▸ **WHAT IS REQUIRED**
The answer should hold only the lines from the one containing "Flex Growth Journey" through the one containing "Mammillaria candida" in the entries below, copied exactly, without pictures.
(DATA RECORDS)
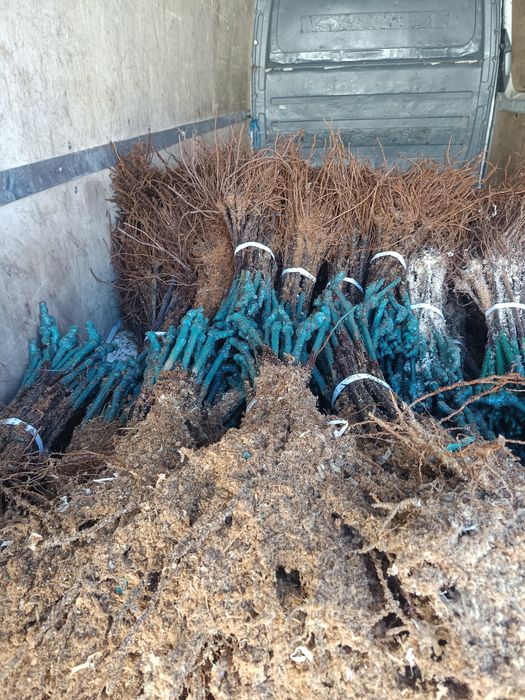 Лозов посадъчен материал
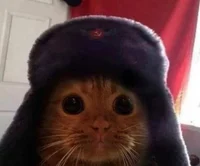 UPDATED soviet cat 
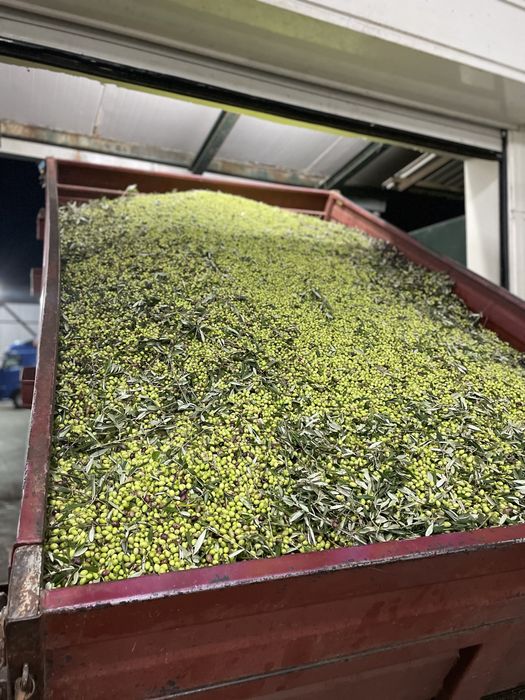 Ulei de masline extra virgin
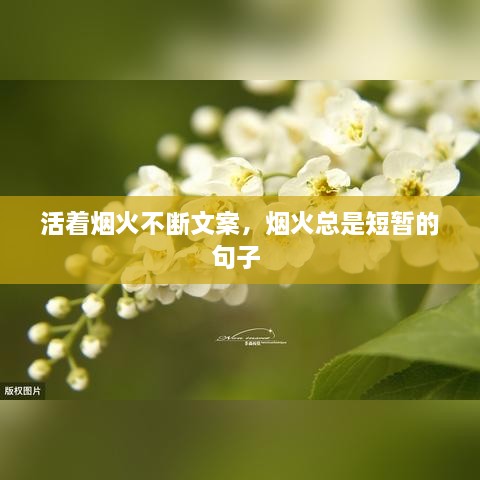 活著煙火不斷文案，煙火總是短暫的句子 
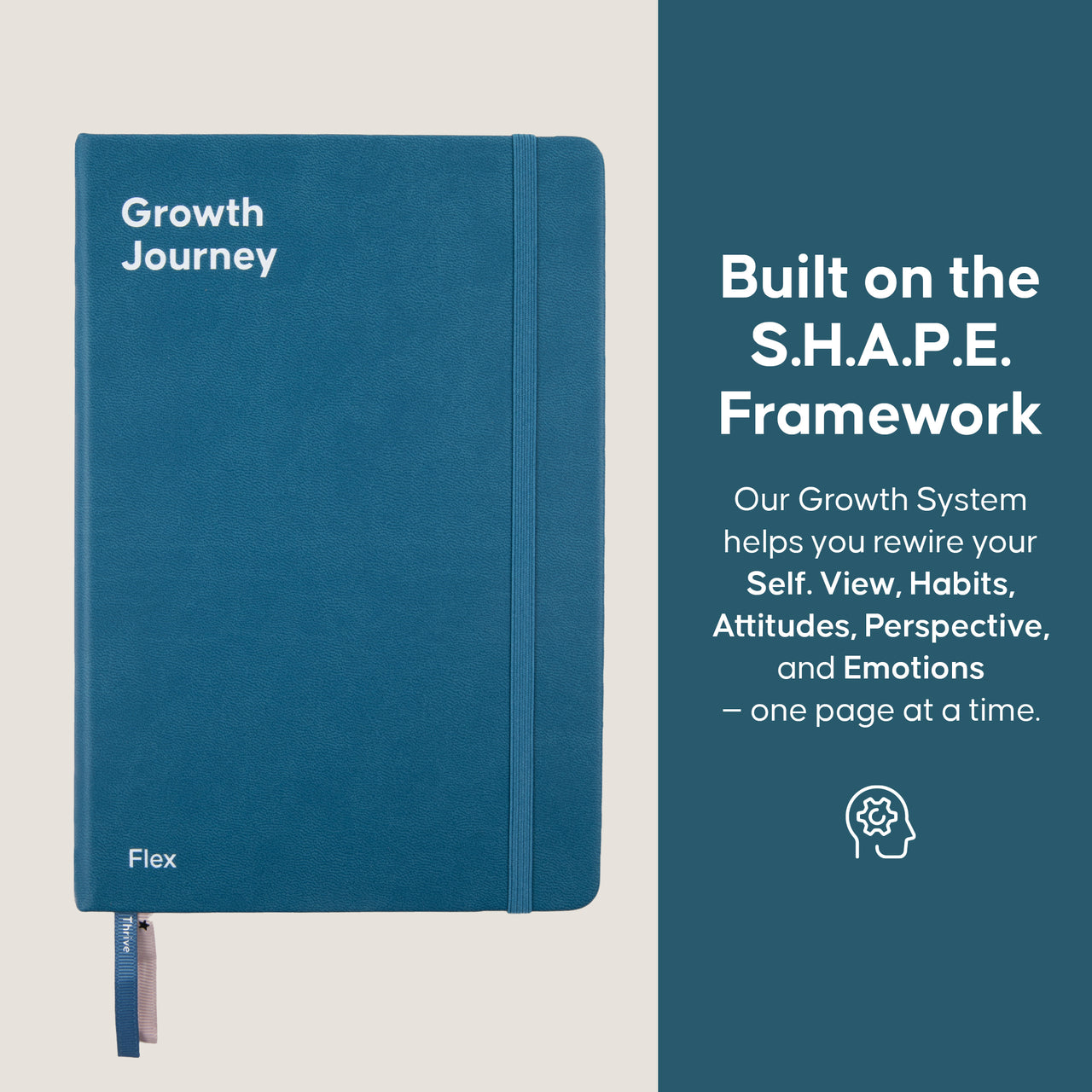 Flex Growth Journey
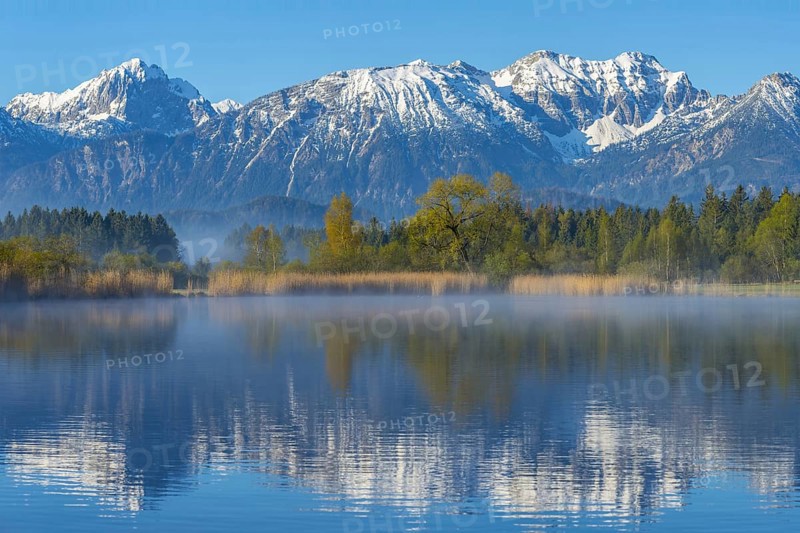 Morning atmosphere at the Hopfensee, near Fuessen, Ostallgaeu, Allgaeu, behind the Allgaeu Alps, Bavaria, Germany, Europe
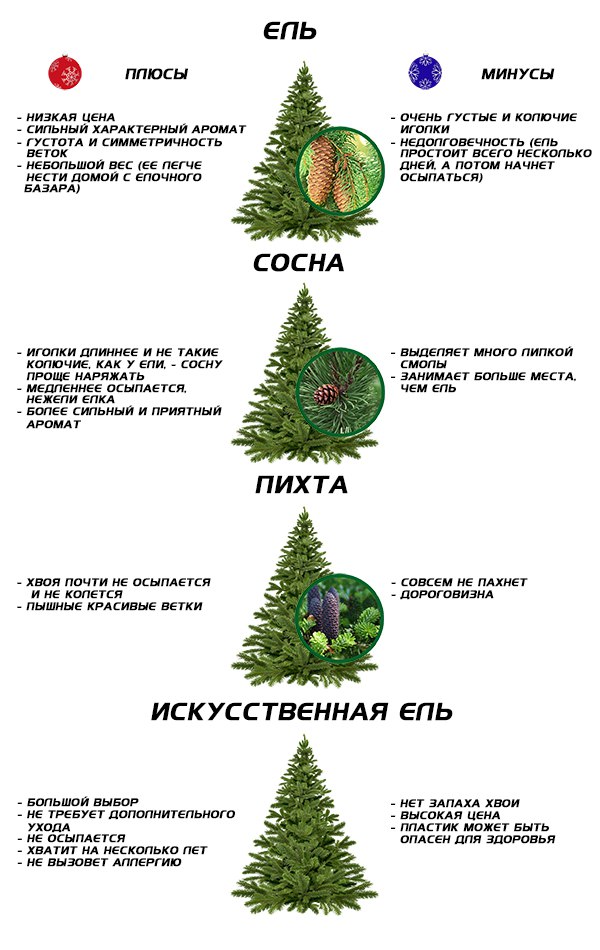 Живая или искусственная. Живая или искусственная елка. Плюсы искусственной елки. Плюсы живой елки. Плюсы и минусы искусственной елки.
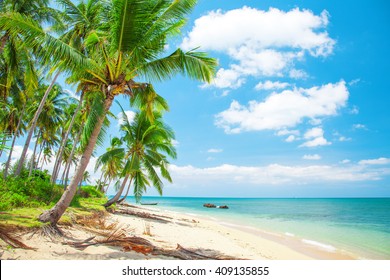 tropical beach with coconut palm 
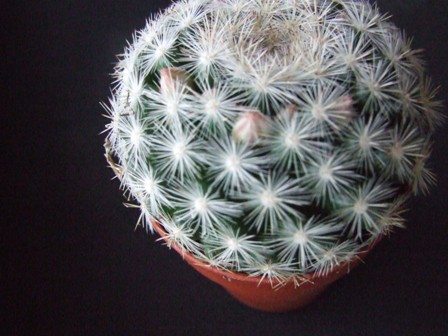 Mammillaria candida 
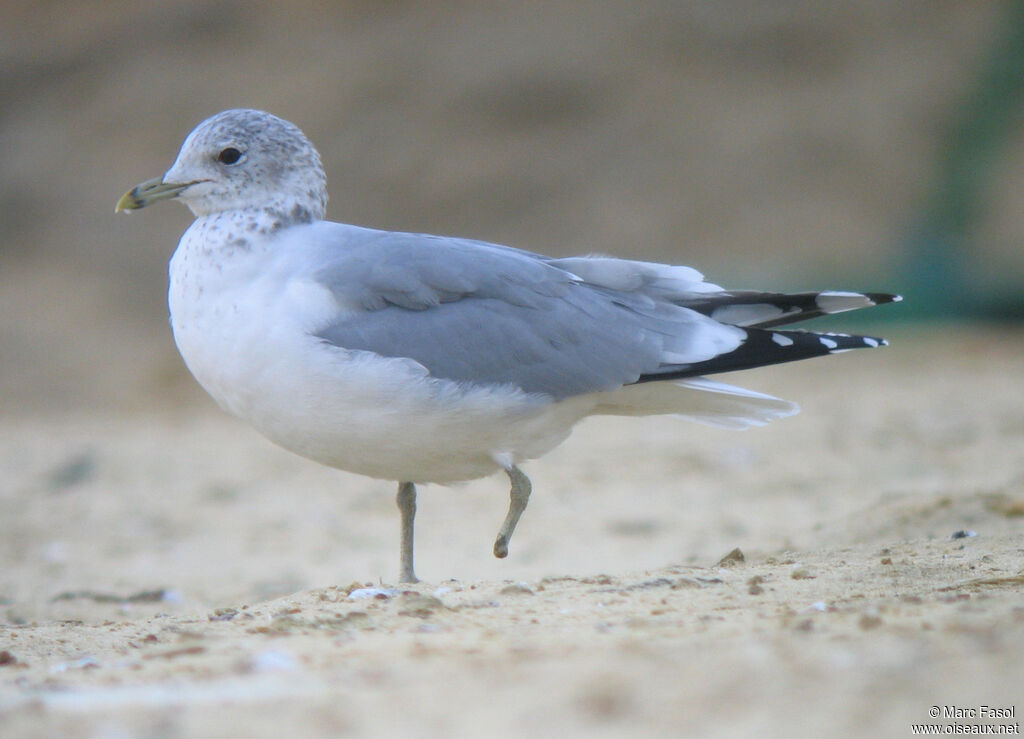 Common Gulladult post breeding, identification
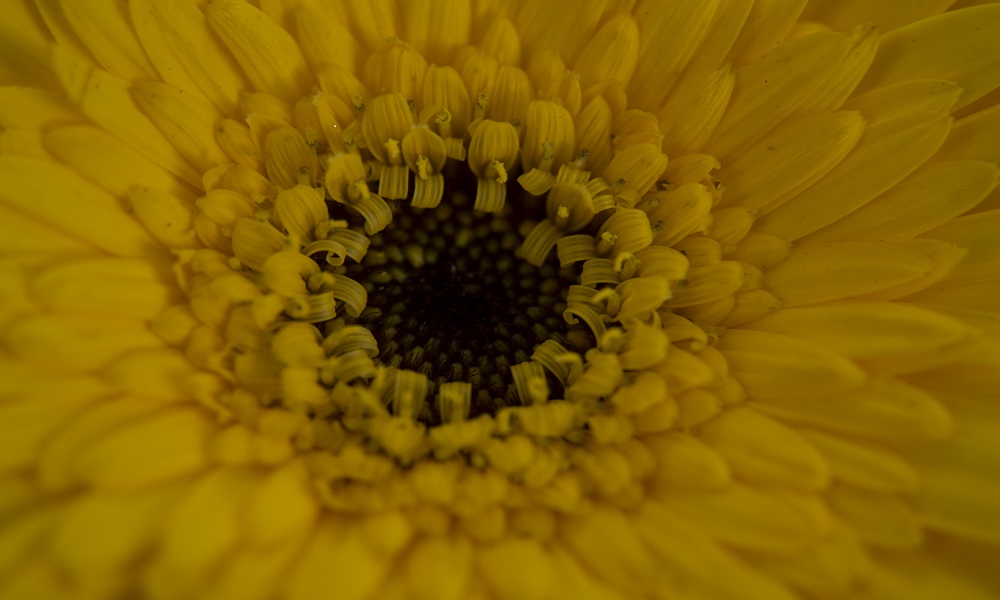 Nature and Macro 3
(End DATA RECORDS)
▸ **SOLUTION**
 Flex Growth Journey
 Morning atmosphere at the Hopfensee, near Fuessen, Ostallgaeu, Allgaeu, behind the Allgaeu Alps, Bavaria, Germany, Europe
 Живая или искусственная. Живая или искусственная елка. Плюсы искусственной елки. Плюсы живой елки. Плюсы и минусы искусственной елки.
 tropical beach with coconut palm 
 Mammillaria candida 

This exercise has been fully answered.